# TASK STATEMENT
Go to the line with "Every project name" in the records below, then output it and each following line exactly, up to and including the line with "Hello and welcome". Skip pictures and add nothing.

# THE DATA
####
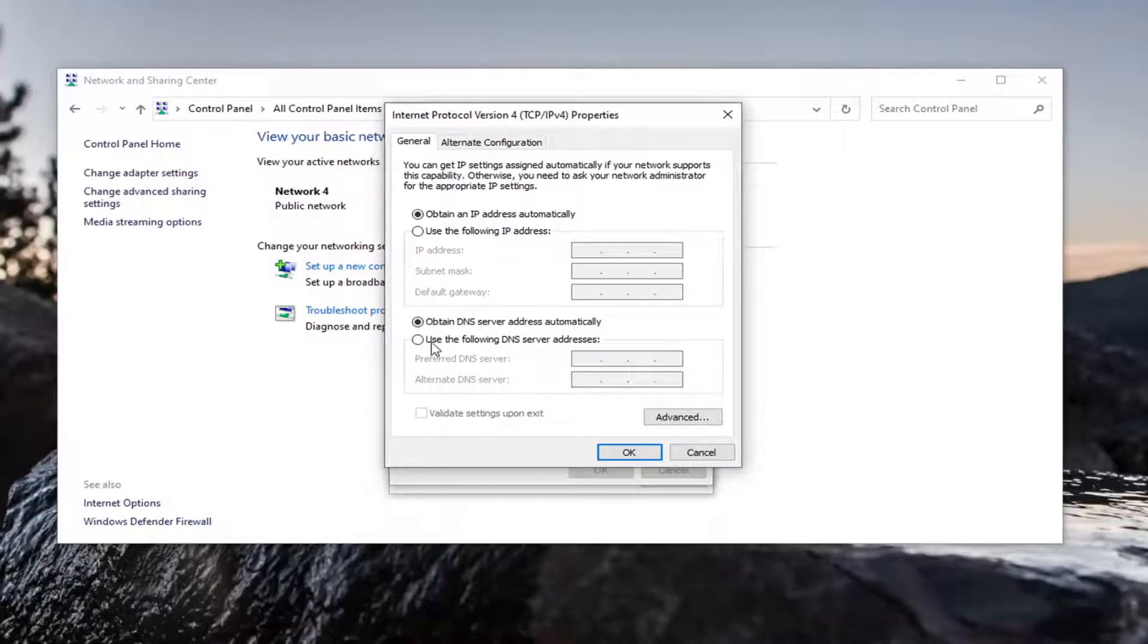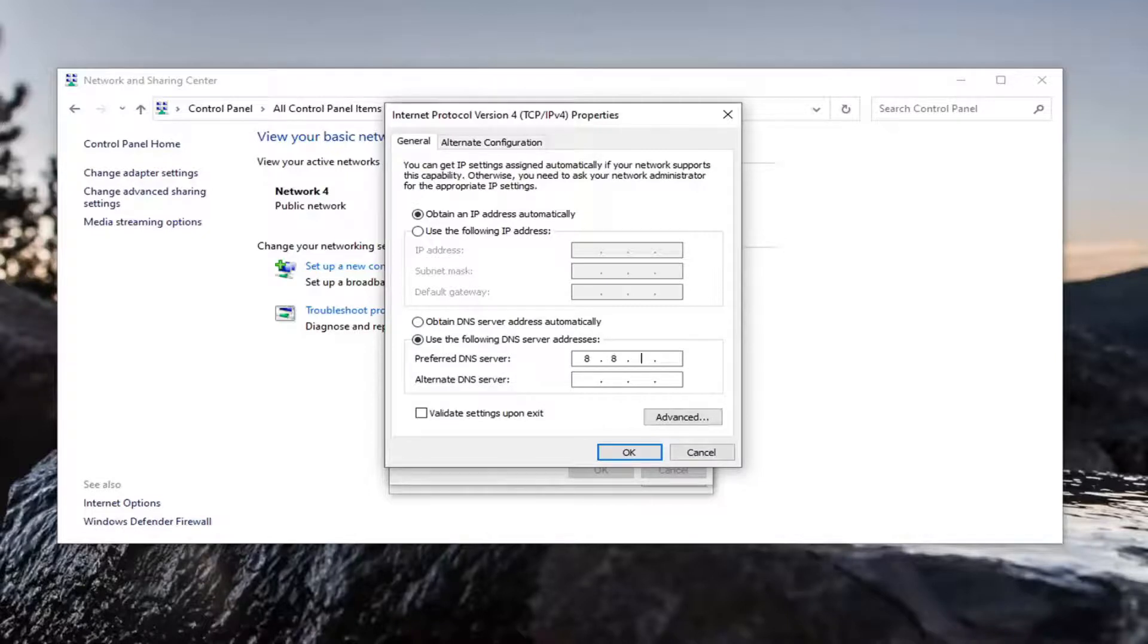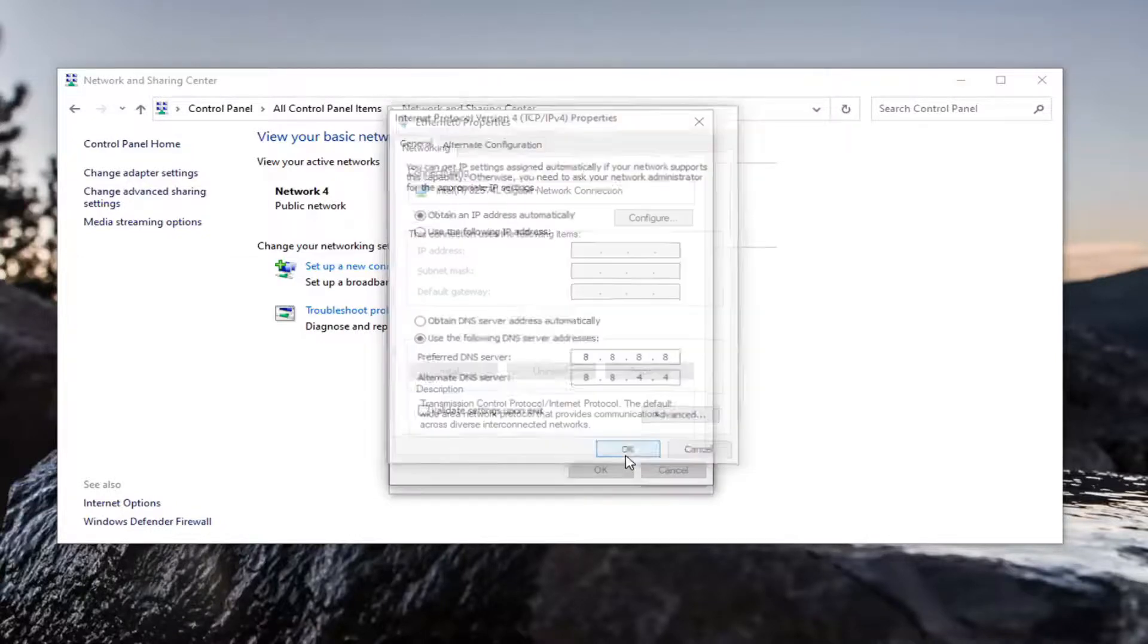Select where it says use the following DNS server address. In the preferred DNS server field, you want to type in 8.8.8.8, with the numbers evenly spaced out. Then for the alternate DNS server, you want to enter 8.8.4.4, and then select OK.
####
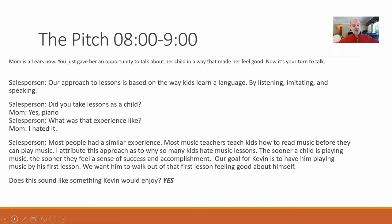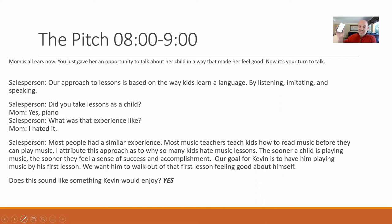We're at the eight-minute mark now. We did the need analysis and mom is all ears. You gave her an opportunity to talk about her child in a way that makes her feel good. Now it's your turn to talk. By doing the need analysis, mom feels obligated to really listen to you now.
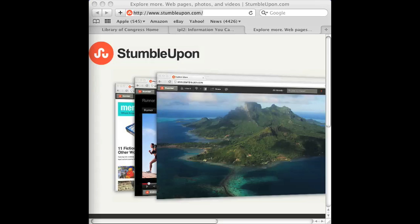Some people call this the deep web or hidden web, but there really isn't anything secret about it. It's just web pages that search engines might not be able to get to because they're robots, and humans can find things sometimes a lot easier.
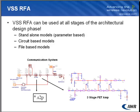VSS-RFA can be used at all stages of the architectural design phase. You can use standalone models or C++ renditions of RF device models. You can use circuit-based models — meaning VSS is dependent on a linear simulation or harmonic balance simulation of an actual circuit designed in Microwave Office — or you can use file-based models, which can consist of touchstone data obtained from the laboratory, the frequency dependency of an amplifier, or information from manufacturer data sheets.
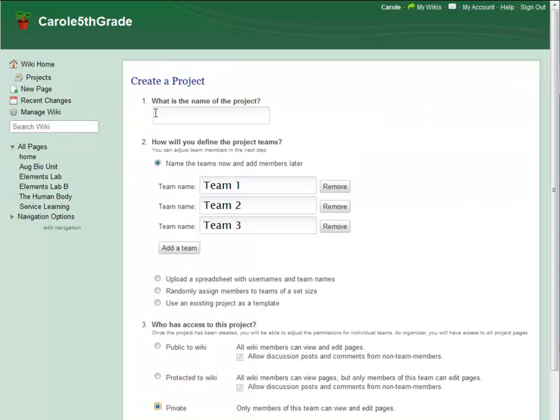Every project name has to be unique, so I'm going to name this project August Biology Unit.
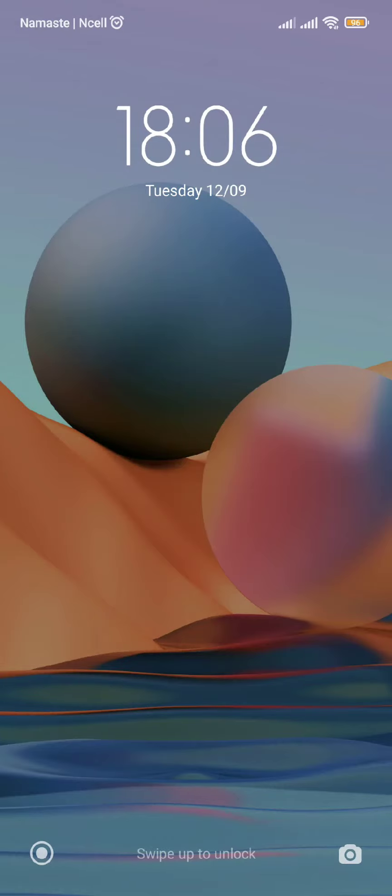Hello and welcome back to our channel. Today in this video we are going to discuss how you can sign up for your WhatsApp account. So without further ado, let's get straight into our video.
####
# ANSWER TO THE EXERCISE
Every project name has to be unique, so I'm going to name this project August Biology Unit.
Hello and welcome back to our channel. Today in this video we are going to discuss how you can sign up for your WhatsApp account. So without further ado, let's get straight into our video.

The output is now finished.